Patent Publication Number: US-4727682-A

Title: Eccentric grinder with a device for changing a grinding motion

Description:
BACKGROUND OF THE INVENTION 
     The present invention relates to an eccentric grinder. 
     Eccentric grinders of the type under consideration include a grinding disc eccentrically positioned relative to a driving shaft of the motor of the grinder. Such eccentric grinders have been commercially available and have been disclosed for example in &#34;Fachberichte fur-Metallbearbeitung&#34;, Apr. 3, 1983, title &#34;Rotex&#34;, &#34;Die neue Dimension des Schleifens&#34;. In these otherwise satisfactory eccentric grinders an optional adjustment of such a grinder to practical demands has not been, however possible. The gap between the pure coarse grinding and the fine grinding is too large. It has been suggested to avoid this problem to provide the grinder with further drive stages with different diameters of friction or toothed wheels, this however has been possible only with considerable enlargement of the drive structural componenents of the eccentric grinder. 
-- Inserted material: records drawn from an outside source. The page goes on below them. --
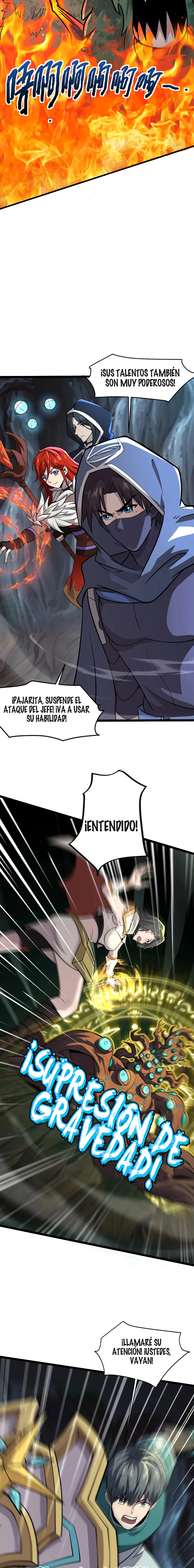 Talento Rango SSS: Solo Yo Asciendo Invocando Capítulo 127 - Página 9 en español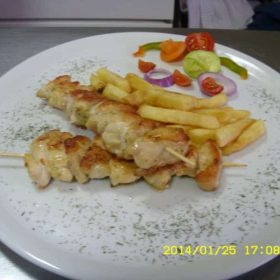 Pileći ražnjići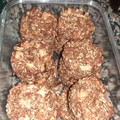 El cooksnap de gapfel cuando hizo Galletas de avena y manzana sin harina - sin azúcar - sin aceite.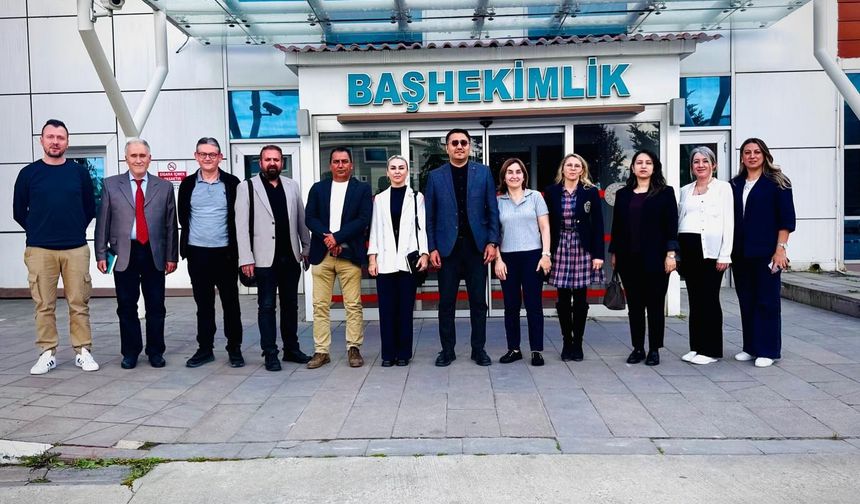 Babaeski’de Başhekimler Toplantısı Düzenlendi
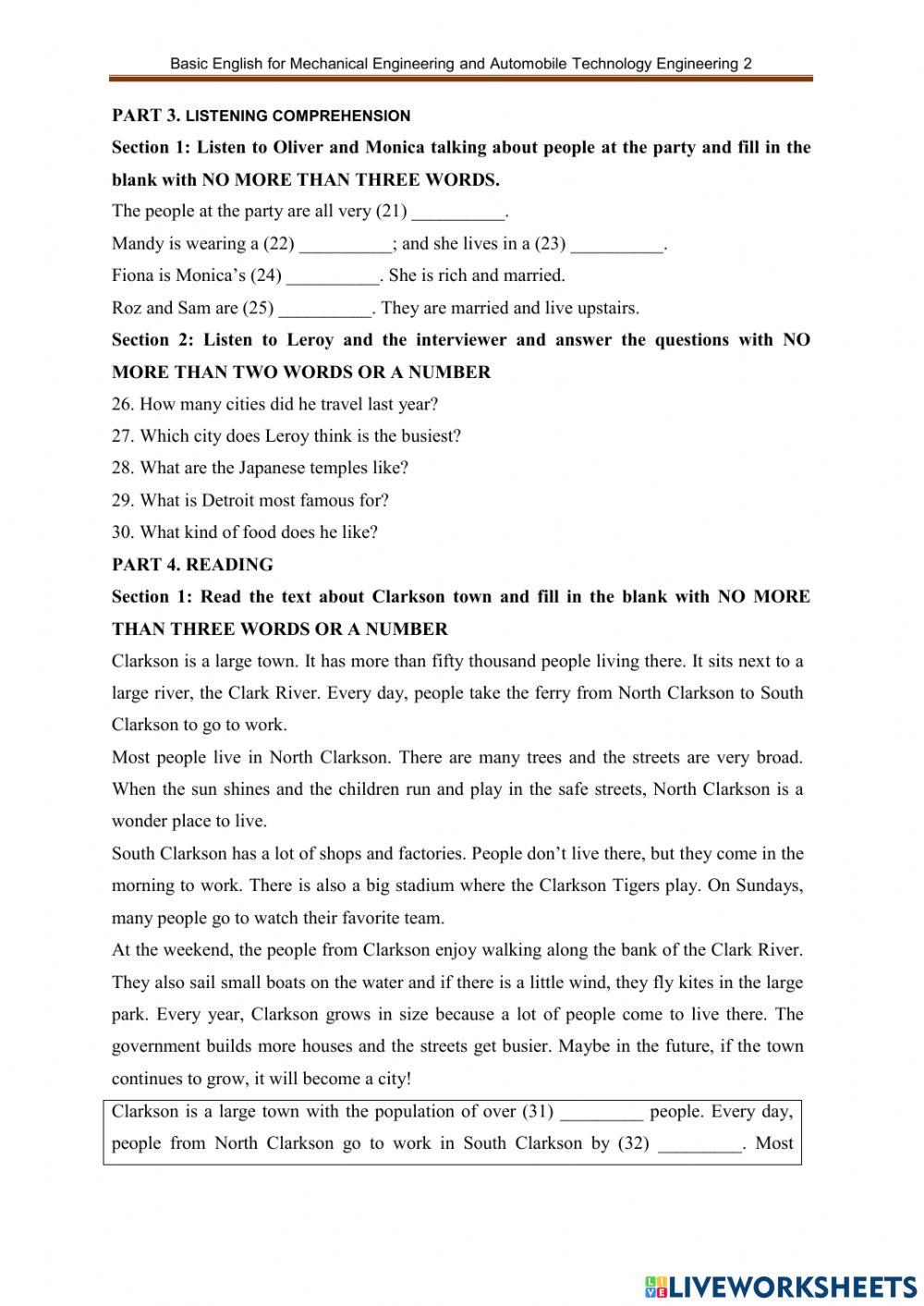 Review 2 TACKOTCB2 K16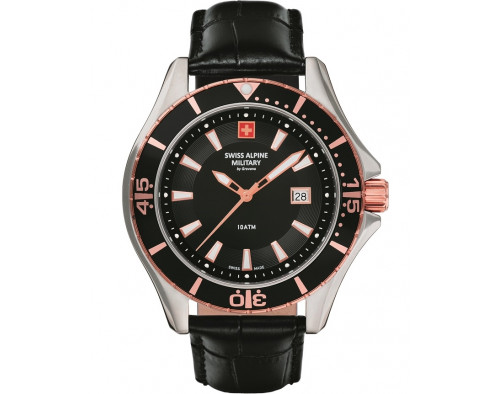Swiss Alpine Military SAM7040.1557 Mens Quartz Watch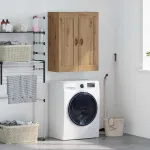 Dulap montat pe perete Stejar Artizanal 69,5 x 34 x 90 cm GartenMobel Dekor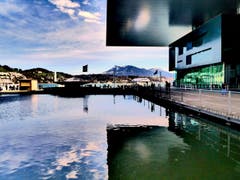 Noch heisst es Rigi hell (Bild: Buholzer Walter)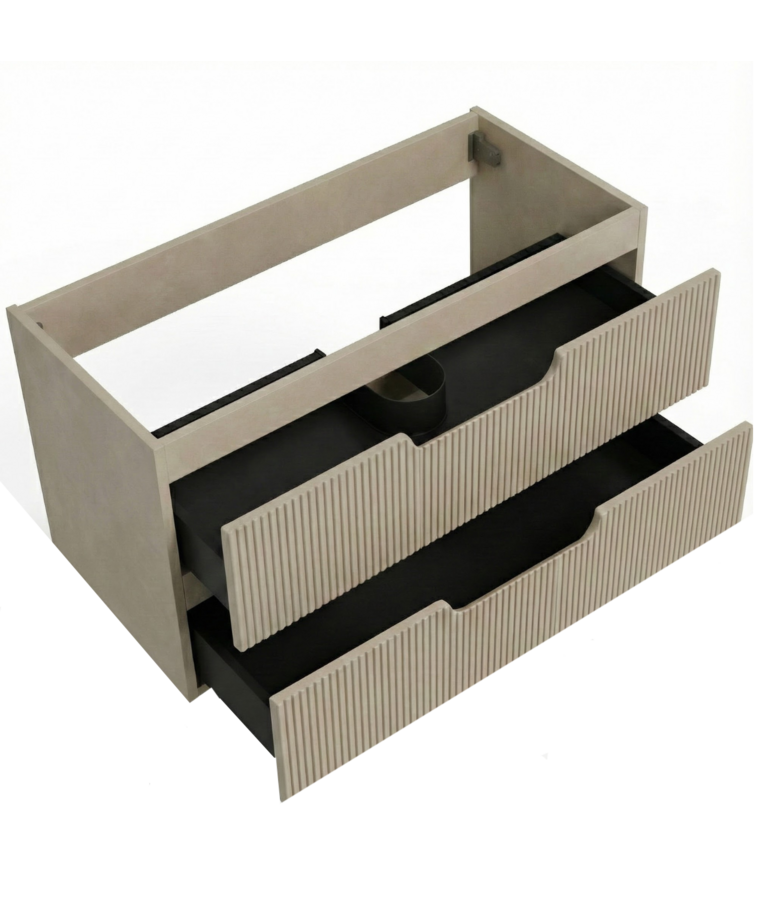 Wastafelkast Thermis 100cm - beige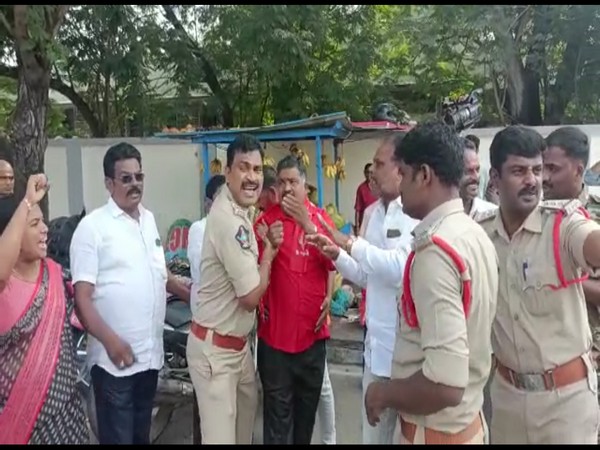 TDP panchayat leaders arrested in Tirupati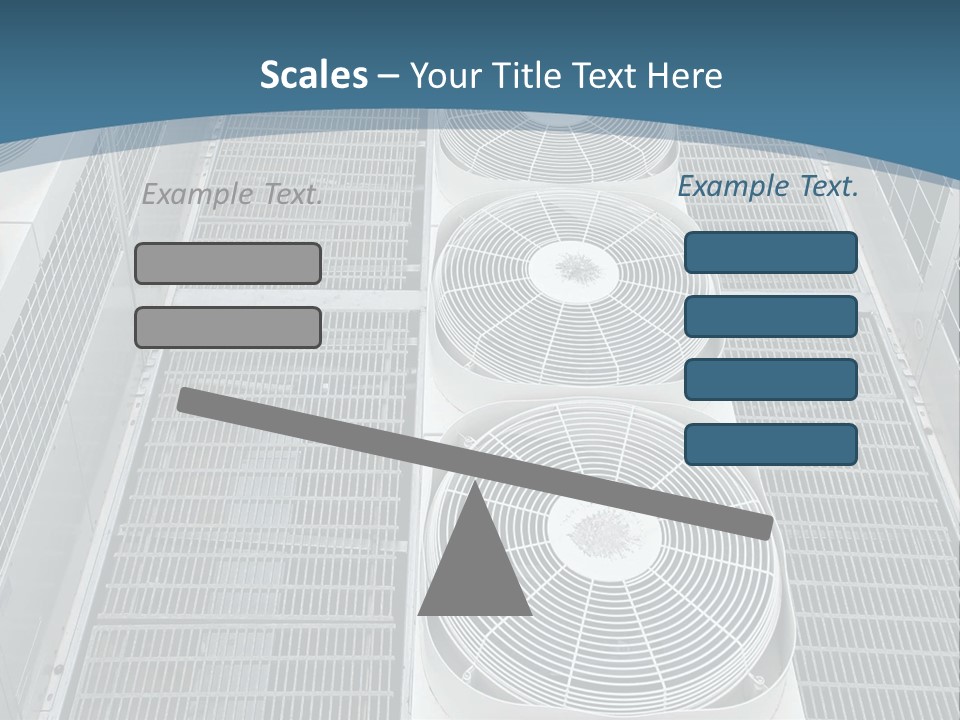Industrial Units Cooling PowerPoint Template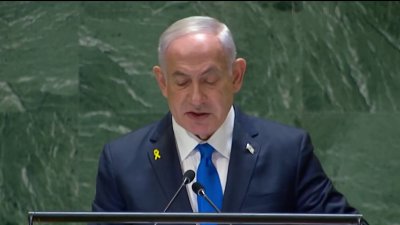 Discurso de Netanyahu en la ONU aviva protestas en Nueva York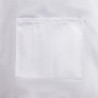 Predpasnik za strežbo standard bel 1000 x 700 mm - oblačila za kuharje Whites - Fourniresto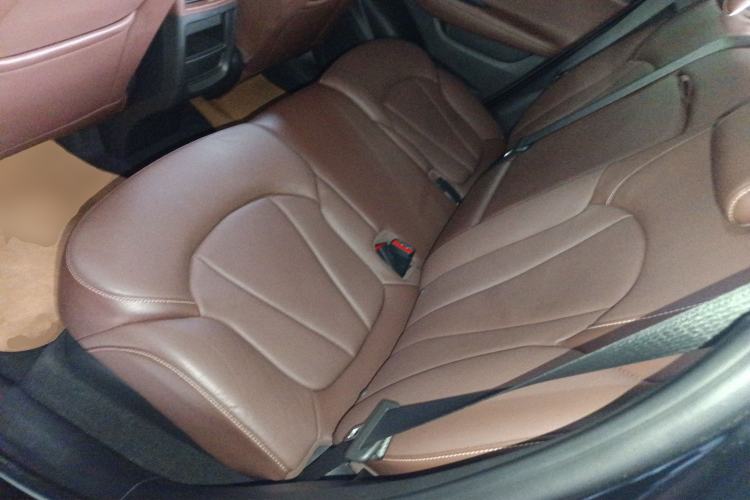 Used Buick Envision 2021 532T Two-Wheel-Drive Elite Version Left Rear Seat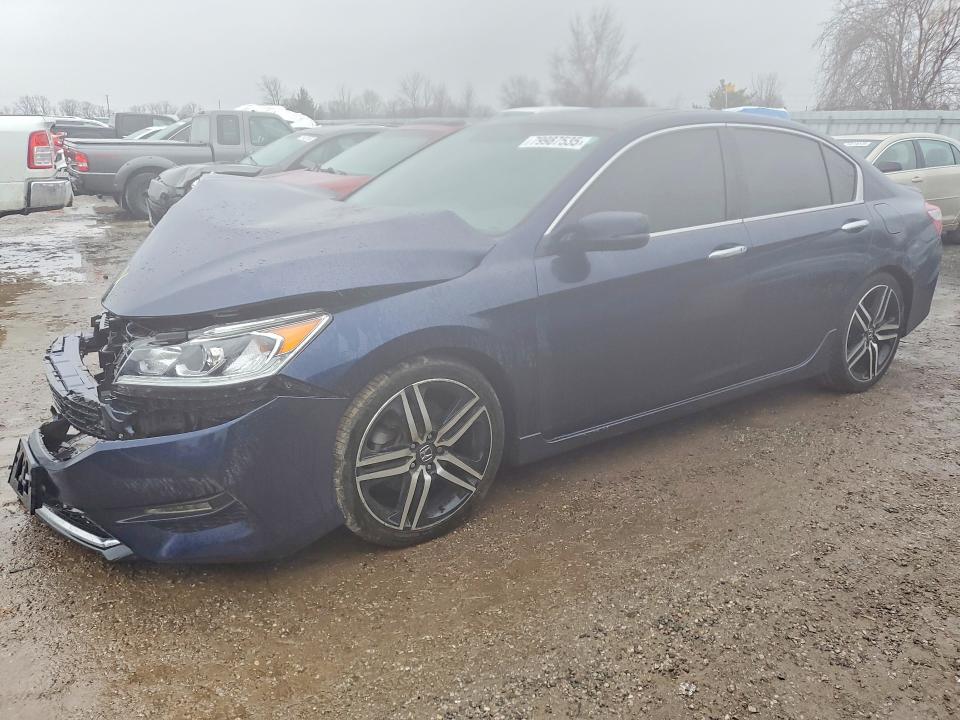 Aukcja sprzedaży 2016 Honda Accord, vin: 1HGCR2F59GA807379, numer aukcji: 79987535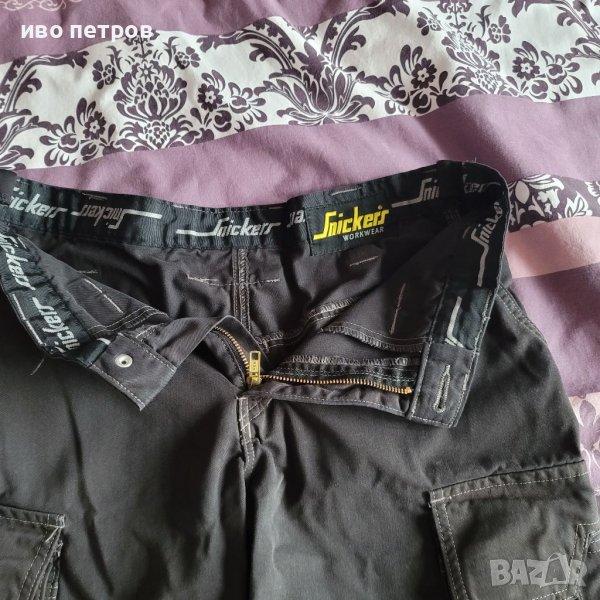 Къси панталони snickers 48, снимка 1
     SUMMARY OF THE INVENTION 
     It is an object of the present invention to provide an improved eccentric grinder. 
     It is a further object of the invention to provide an eccentric grinder which is extremely compact and simple. 
     Yet another object of the invention is to provide an eccentric grinder with an optimal output. 
     These and other objects of the invention are attained by an eccentric grinder comprising a housing; a driving shaft; a grinding disc positioned in said housing eccentrically relative to said shaft; a pure eccentric drive for driving said disc from said shaft; and a device for changing a grinding movement of said grinding disc, said device including drive means for said grinding disc, said drive means including a first crown means positioned rotationally on said driving shaft and eccentrically relative to said driving shaft and a second crown means engageable with said first crown means for forcible rolling movement thereon and positioned in said housing concentrically with said driving shaft, the improvement comprising said grinding disc supporting said first crown means which include an internal crown and an external crown, said housing supporting said second crown means which include an internal crown engageable with said external crown of said first crown means and an external crown engageable with said internal crown of said first crown means, said second crown means being adjustable on said housing along an axis of said driving shaft so as to interchange between establishing a drive connection between said first and second crown means and releasing said drive connection. 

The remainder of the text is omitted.